◆ **Exercise prompt**
Your answer should consist solely of the lines from the first line of the data through the line with "Oczy, Błękitne, Siberian Husky", each reproduced exactly.

◆ **Records supplied**
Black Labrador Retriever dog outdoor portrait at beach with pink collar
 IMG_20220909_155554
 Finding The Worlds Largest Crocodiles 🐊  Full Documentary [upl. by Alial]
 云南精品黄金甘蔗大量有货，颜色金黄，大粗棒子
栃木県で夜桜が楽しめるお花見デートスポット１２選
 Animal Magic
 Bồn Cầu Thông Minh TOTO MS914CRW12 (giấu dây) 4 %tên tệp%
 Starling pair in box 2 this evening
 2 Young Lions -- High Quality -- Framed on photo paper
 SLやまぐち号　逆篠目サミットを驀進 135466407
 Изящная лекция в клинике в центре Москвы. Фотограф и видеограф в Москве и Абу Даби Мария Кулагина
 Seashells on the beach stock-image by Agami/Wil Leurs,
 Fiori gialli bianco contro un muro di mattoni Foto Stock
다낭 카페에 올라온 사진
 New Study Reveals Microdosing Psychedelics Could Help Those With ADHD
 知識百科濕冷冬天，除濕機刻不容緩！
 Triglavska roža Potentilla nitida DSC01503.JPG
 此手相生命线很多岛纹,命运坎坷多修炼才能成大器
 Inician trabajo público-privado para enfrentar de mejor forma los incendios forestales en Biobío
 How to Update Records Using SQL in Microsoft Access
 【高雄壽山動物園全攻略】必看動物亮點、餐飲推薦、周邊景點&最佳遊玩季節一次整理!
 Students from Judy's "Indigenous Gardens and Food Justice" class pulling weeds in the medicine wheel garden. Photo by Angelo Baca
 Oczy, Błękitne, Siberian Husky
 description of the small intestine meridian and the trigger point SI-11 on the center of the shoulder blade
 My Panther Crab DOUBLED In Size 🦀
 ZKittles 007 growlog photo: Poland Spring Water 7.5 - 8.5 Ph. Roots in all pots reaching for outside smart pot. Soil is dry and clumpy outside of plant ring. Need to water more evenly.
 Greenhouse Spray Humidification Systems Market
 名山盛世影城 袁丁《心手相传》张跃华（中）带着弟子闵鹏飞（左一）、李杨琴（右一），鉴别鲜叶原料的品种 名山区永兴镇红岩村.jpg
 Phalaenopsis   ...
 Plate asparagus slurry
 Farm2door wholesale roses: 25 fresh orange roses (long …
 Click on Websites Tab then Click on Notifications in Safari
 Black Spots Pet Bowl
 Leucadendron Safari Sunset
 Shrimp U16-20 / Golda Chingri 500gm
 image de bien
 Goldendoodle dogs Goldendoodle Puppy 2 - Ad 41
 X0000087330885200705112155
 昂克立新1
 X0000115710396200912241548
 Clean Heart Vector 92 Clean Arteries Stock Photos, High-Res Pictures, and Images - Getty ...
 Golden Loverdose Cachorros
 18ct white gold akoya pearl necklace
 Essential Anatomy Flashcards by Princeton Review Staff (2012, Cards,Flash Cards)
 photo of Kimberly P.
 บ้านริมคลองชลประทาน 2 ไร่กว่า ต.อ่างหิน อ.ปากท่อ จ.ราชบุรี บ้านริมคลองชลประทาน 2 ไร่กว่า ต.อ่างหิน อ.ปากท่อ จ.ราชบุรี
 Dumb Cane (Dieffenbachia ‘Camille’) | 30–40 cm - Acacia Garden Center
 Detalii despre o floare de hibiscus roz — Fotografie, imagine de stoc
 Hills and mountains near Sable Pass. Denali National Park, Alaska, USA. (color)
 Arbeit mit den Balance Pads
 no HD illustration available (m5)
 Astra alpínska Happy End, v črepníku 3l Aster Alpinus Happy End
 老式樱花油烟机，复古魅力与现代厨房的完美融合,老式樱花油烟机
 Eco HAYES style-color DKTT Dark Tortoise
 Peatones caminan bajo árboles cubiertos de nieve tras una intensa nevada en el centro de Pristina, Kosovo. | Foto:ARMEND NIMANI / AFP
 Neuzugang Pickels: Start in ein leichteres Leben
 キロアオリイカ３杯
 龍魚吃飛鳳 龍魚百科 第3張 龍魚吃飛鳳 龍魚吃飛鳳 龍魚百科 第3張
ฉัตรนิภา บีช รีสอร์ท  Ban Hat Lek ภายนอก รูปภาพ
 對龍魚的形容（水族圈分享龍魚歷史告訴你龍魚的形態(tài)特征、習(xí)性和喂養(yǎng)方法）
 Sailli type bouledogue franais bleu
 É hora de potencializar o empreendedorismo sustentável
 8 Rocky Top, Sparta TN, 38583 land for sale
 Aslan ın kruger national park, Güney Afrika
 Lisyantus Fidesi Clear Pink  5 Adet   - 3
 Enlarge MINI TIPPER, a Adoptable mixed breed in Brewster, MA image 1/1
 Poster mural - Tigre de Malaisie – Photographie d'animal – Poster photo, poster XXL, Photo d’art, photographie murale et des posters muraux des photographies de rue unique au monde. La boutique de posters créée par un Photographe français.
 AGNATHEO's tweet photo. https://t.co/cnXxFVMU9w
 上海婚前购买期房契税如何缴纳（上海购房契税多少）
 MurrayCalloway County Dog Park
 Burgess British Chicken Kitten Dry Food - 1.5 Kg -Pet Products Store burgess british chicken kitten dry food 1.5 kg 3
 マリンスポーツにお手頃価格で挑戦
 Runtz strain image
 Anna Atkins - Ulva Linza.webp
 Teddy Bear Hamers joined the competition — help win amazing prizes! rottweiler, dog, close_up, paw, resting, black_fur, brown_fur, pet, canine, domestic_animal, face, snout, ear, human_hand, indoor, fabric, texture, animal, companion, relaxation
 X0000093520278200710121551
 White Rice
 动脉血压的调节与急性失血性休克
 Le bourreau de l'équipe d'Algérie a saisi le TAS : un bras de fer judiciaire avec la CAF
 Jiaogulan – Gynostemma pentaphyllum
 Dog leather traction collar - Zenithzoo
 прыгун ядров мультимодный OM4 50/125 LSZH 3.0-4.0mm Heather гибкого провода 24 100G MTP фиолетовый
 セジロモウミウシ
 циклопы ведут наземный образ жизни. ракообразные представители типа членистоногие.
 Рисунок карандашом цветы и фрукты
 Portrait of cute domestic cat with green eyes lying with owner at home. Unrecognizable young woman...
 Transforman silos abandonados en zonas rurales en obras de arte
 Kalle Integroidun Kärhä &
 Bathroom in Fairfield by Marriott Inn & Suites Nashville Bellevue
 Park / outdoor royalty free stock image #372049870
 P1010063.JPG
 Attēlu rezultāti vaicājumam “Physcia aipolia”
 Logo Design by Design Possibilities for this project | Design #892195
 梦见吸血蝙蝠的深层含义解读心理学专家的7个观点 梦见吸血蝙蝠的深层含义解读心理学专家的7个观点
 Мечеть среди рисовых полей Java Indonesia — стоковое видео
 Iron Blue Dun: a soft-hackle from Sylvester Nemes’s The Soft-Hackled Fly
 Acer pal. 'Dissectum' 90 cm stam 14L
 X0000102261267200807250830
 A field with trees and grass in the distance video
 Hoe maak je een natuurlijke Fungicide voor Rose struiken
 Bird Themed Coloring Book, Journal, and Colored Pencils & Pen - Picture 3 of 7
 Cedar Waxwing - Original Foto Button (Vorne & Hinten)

◆ **Answer for this exercise**
Black Labrador Retriever dog outdoor portrait at beach with pink collar
 IMG_20220909_155554
 Finding The Worlds Largest Crocodiles 🐊  Full Documentary [upl. by Alial]
 云南精品黄金甘蔗大量有货，颜色金黄，大粗棒子
栃木県で夜桜が楽しめるお花見デートスポット１２選
 Animal Magic
 Bồn Cầu Thông Minh TOTO MS914CRW12 (giấu dây) 4 %tên tệp%
 Starling pair in box 2 this evening
 2 Young Lions -- High Quality -- Framed on photo paper
 SLやまぐち号　逆篠目サミットを驀進 135466407
 Изящная лекция в клинике в центре Москвы. Фотограф и видеограф в Москве и Абу Даби Мария Кулагина
 Seashells on the beach stock-image by Agami/Wil Leurs,
 Fiori gialli bianco contro un muro di mattoni Foto Stock
다낭 카페에 올라온 사진
 New Study Reveals Microdosing Psychedelics Could Help Those With ADHD
 知識百科濕冷冬天，除濕機刻不容緩！
 Triglavska roža Potentilla nitida DSC01503.JPG
 此手相生命线很多岛纹,命运坎坷多修炼才能成大器
 Inician trabajo público-privado para enfrentar de mejor forma los incendios forestales en Biobío
 How to Update Records Using SQL in Microsoft Access
 【高雄壽山動物園全攻略】必看動物亮點、餐飲推薦、周邊景點&最佳遊玩季節一次整理!
 Students from Judy's "Indigenous Gardens and Food Justice" class pulling weeds in the medicine wheel garden. Photo by Angelo Baca
 Oczy, Błękitne, Siberian Husky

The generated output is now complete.